SIOUX FALLS, S.D. -- If you've been keeping up with the Air Force news lately, it becomes quite evident; it's not your Mom and Dad's Air Force anymore. They say the one thing you can count on in life is change and change has come. For us "old timers," the six weeks of Basic Military Training we endured is gone, now replaced with an intensive eight and a half week training curriculum that will better prepare our Airmen for the challenges they may encounter on the 21st century battlefield. 

At any given time, Airmen deployed to Iraq, Afghanistan, as well as other places find themselves in jobs intended for Soldiers and Marines. This used to be called "In Lieu Of" or ILU and is now known as "Joint Expeditionary Tasking" or JET. Call it what you may, today's Airmen are being asked to accomplish missions they have little experience with or training for. 

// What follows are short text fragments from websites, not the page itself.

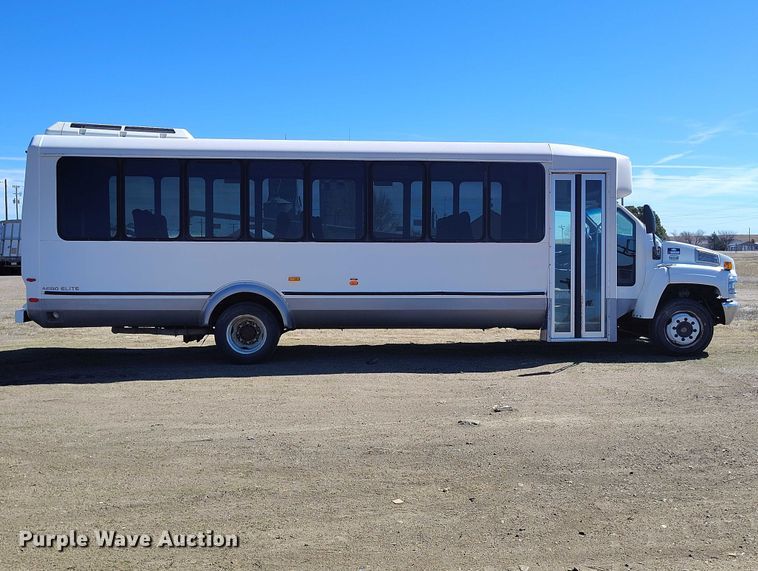 image for item IH9476 2007 Chevrolet C5500 shuttle bus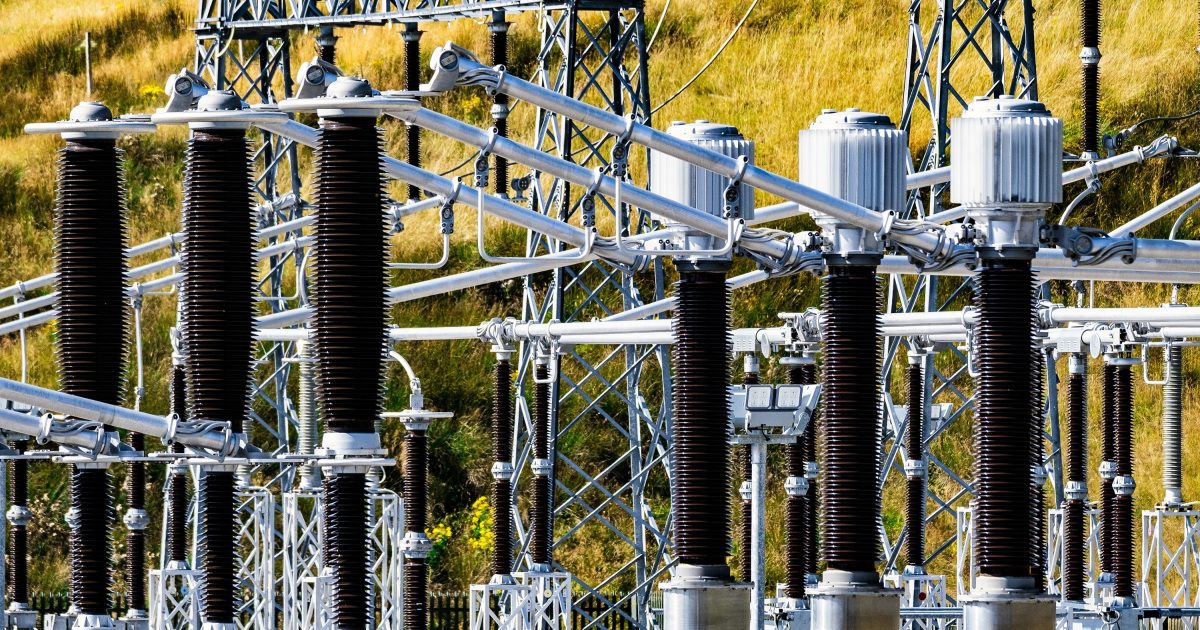 OpenGraph Image for SSEN Transmission delivers nearly £300m in savings for consumers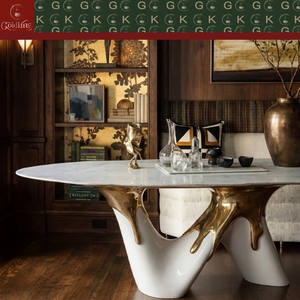 Mesa de Comedor de Diseño de Lujo GOLDKING con Cubierta de Mármol Blanco y Base Escultural de Cerámica Dorada, Personalizable OEM para Interiores de Alta Gama - Product Image 2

At the heart of this new BMT program is a new complex they call the Basic Expeditionary Airman Skills Training, the BEAST. It focuses on expeditionary skills such as weapons training, dealing with improvised explosive devices, and basic defense skills for ensuring survival of the base as well as one's own skin. Think of it as an Operational Readiness Exercise, but by design, even more intensive for a trainee. Trainees take full responsibility for the day to day operation of their "base" during the four-day exercise. The objective is to test the Airman's ability to think, react, succeed, fail, improve, and ultimately build the skills and confidence they will need during future deployments.

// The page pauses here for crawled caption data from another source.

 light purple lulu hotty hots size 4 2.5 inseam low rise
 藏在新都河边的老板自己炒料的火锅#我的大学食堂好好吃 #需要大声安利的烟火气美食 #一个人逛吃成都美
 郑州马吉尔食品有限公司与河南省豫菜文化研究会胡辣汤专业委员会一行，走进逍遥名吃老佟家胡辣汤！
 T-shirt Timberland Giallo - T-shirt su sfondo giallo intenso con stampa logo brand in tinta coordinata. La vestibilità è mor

We currently have trainees from Joe Foss Field undergoing this new training. It certainly will be interesting to listen to their experiences and even more notable, watching how they react during their first ORE here on base. It may seem "old hat" to them by then and they very well may be ready to accept greater wartime responsibilities than many have in the past returning from Basic Military Training. I encourage all supervisors and commanders to visit with those who have conquered the BEAST and returned to the 114th to begin their careers. 

Change? Not so much. Let's call it progress, for change does not necessarily assure progress, but progress implacably requires change.